Task goal
Please copy each line below that contains the word "Claus".

Scraped caption text data:
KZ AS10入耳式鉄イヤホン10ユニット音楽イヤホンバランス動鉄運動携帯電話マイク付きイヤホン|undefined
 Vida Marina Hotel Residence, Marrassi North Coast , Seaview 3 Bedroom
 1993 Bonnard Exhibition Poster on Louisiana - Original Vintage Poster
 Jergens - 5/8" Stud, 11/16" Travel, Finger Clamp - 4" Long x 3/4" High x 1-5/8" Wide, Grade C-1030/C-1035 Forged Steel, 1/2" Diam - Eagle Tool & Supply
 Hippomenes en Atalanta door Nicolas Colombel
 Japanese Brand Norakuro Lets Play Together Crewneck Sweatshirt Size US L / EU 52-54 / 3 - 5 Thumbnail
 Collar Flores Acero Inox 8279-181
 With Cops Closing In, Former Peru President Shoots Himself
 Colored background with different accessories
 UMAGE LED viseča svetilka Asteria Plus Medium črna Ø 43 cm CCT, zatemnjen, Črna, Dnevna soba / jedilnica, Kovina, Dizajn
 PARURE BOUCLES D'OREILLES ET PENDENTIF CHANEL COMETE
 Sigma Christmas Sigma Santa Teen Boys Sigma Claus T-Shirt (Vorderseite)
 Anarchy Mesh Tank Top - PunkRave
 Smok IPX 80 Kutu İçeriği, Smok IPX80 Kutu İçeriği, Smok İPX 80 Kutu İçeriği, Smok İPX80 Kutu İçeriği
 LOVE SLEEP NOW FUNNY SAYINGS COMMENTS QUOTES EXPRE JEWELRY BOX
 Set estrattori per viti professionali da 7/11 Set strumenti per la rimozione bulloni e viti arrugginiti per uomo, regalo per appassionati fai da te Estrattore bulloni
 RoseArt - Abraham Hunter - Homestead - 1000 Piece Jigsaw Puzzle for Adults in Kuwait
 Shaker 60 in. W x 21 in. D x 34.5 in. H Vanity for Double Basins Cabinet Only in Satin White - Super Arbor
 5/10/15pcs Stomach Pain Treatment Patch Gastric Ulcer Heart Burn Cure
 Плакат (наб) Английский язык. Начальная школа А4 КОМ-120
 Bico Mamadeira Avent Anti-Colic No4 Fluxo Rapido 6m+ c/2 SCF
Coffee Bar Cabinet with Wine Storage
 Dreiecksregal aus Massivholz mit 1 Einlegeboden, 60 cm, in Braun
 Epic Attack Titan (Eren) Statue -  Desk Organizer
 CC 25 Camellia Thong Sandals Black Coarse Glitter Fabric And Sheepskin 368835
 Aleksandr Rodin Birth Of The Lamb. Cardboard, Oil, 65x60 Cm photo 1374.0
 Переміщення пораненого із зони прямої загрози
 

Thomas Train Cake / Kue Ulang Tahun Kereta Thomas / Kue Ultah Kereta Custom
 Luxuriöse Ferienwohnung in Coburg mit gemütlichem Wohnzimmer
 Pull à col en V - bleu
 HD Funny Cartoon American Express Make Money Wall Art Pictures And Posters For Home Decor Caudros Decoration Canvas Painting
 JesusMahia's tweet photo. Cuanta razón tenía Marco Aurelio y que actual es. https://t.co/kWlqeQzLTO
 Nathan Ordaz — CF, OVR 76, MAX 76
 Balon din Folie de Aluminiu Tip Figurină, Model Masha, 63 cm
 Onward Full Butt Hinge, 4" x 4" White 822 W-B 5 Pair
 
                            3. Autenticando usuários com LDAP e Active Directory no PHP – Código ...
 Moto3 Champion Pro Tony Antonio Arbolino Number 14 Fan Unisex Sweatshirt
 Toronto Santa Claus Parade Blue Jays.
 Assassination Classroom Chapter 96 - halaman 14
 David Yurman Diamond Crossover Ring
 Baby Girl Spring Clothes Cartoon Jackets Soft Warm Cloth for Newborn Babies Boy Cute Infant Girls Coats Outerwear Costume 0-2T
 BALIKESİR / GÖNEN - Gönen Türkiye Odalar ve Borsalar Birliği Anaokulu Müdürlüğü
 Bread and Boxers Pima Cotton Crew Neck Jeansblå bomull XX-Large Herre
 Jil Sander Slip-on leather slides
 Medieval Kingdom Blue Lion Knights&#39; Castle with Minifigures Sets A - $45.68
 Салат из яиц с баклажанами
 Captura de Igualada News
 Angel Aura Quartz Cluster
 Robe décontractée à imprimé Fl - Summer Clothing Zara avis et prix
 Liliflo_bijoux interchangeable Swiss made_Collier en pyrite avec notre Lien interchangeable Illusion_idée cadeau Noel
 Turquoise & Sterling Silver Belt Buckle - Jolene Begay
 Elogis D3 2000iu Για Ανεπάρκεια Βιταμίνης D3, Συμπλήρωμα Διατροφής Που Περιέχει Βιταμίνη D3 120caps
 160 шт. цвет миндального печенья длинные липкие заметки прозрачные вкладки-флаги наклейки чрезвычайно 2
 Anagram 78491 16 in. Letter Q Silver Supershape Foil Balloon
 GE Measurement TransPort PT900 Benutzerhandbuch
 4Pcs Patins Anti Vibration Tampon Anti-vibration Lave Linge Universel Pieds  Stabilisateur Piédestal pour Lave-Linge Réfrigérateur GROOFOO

Response box
 Sigma Christmas Sigma Santa Teen Boys Sigma Claus T-Shirt (Vorderseite)
 Toronto Santa Claus Parade Blue Jays.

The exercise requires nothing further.